Contributed by Joel Silver, Director of the Lilly Library
When the Lilly Library formally opened on the Bloomington campus of Indiana University on October 3, 1960, it held a remarkable and renowned collection of rare books and manuscripts. With particular strengths in the humanities and social sciences, the Library began to draw researchers and visitors from the campus and from around the world, and in the nearly sixty years since its founding, it has continued to grow and to make its resources available to all who wish to use them.

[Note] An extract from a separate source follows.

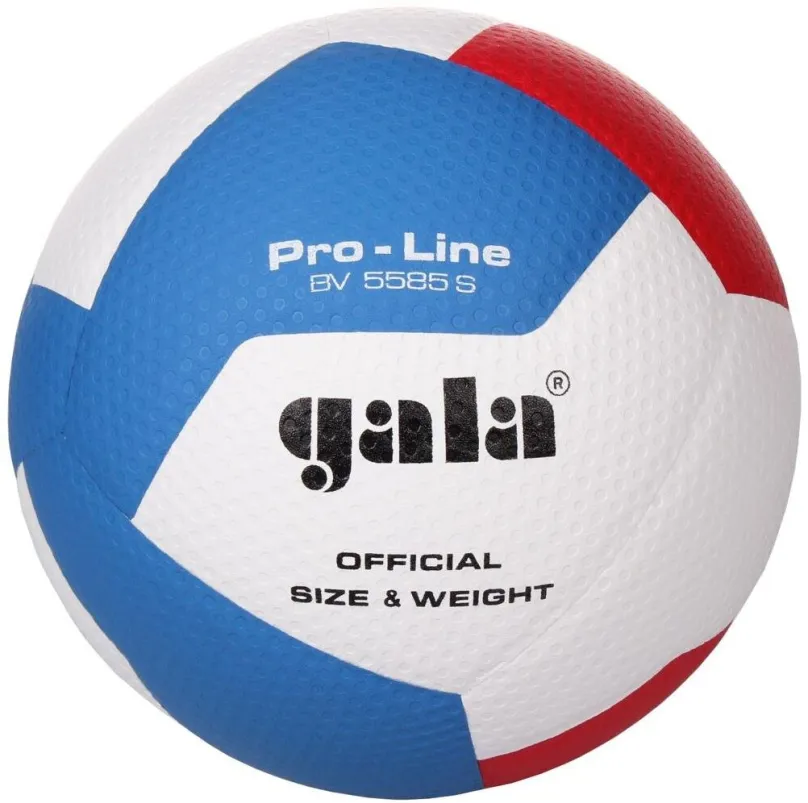 Volejbalová lopta Gala Pro Line 12 BV 5585 S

The collections of the Lilly Library have expanded in many ways since its founding, and like every great special collections library, the Library is a "collection of collections," as new collections formed by private collectors who specialized in various fields have been added to the Library's original holdings. Among the important collections added to the Library in recent years is the "Jonathan Krause Rare Newspaper and Magazine Collection," which spans the mid-seventeenth through the late-nineteenth centuries, and has a special focus on late-eighteenth- and early-nineteenth-century American publications. There is a very strong concentration on newspapers and magazines that includes the writings of the “Founding Fathers” of the United States, including George Washington, Thomas Jefferson, John Adams, Alexander Hamilton, James Madison, Benjamin Franklin, and Thomas Paine. There are also a number of earlier newspapers and magazines relating to the American Revolution, and a focus on later American history including slavery and abolitionism, Abraham Lincoln and the Civil War.
The Lilly Library's printed and manuscript holdings related to American history are extensive, including a large number of materials related to the "Founding Fathers." But most scholars have studied early monographic publications rather than periodicals, and the dissemination of the writings of these major figures in newspapers and magazines has often been overlooked by historians. These periodicals were far less expensive to their original purchasers than were books and pamphlets, and the essays, letters, speeches, and excerpts from larger works, which were often published in these periodicals, could reach reading audiences who were unable to afford the more costly monographic volumes.